Onunla birlikte canavarlar odasında
Canetti okuyorsanız, Ionesco’nun Kel
Şarkıcısı’nı sahneye taşıdığında size acı içinde kahkahalar attırdıysa,
onunlayken felsefeye, matematiğe iyice sarılmak istiyor, bedeni iyi kullanmayı,
ruhunuzu ya da yüreğinizi iyiliği çoğaltmak için kullanmayı öğreniyorsanız, onun
ayakkabı, şişe boyamasını, hayatı güzelleştiren her şeyi öğrenme merakını, fikir
üretmesini, yaşama sevincini çoğaltmasını, bu coşkusunu herkese geçirmekteki
maharetini gıpta ile izliyorsanız, yazdığı öyküleri keyifle okuyorsanız, her
haliyle güzel bir Rönesans kadını huzurunda olduğunuzu anladıysanız ve “Canım…”

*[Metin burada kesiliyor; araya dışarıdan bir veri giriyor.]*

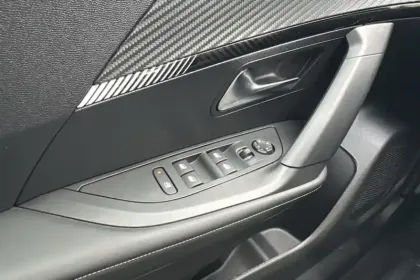 Photo 19 Peugeot 2008  PureTech 100 S&S BVM6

diye başlayan tümceler kurarken yakalarsanız kendinizi, telaşlanmayın. Yörüngesindeki
diğer gezegenlere toslamamaya gayret edin sadece, kendiniz olun, aldığınız ışık
kadarını yansıtın, ona ve de başkalarına.
Emeğin kıymetini
bilir o. Ben gene sana vurgunum Laçin, diyen gözlerle bakmanızda hiçbir sakınca
yoktur. Hatta belli de edebilirsiniz avaz avaz. Garantilemek için o sevgi
ikonunu hayatınızda, çocuğunuzun adını
“Laçin” koyabilirsiniz. Onunla birlikte yürüyebilmeyi öğrenmişseniz, bir gün
bir de bakarsınız ki bir avuç Şam fıstığı saklamış sizin için.
Ben Michigan’ın Saginaw
mezrasında hocalık yapıp kedim Minnosh’u Laçin sandığım zamanlarda yolladığı
kendi el yapımı mor kartın arkasındaki notu şöyle bitirmiş: “Ben buradayım. Yolunu
gözlüyor, yazdığın kitapları dişliyor, elime ne geçerse hepsinin sapını
gümüşlüyorum.”
Bu methiyeyi yazarken ben, içerki
odadan fırlayıp gelir mi ki, İstiklâl Caddesi’nin ortasında yaptığı gibi de sorar
mı “Nasıl olmuş bu etek Yusuf abi?” diye? Önüm sıra yürür Laçin, ben de ona “Arkandan
yürüyende ‘Biraz hızlanayım da çaktırmadan şu nefis vücudun yüzünü de bi
göreyim,” hissini uyandırıyorsun,” derim. Laçin de gene keyifle, “Alemsin Yusuf
abi,” der.
Şimdi Kumbaracı’da bisahne’de
bitiyatro yapıyor ekibi ile, kocaman yüreği ile, yine.
Laçin Ceylan
Gün güneş bulut yel, penceremden
bak gel.
Ömrün çoook, ağın gözündeki balık
kadar
bereketli olacak geçmişte kalan keder,
çünkü sensin o sapını gümüşlediğin
hançerin üstündeki yegâne mücevher.
Ankara'daki evde dostlarım Güler Siper, Laçin Ceylan ve hayatımın latifesi rahmetli Gülseren Tuğcu Karabulut ile.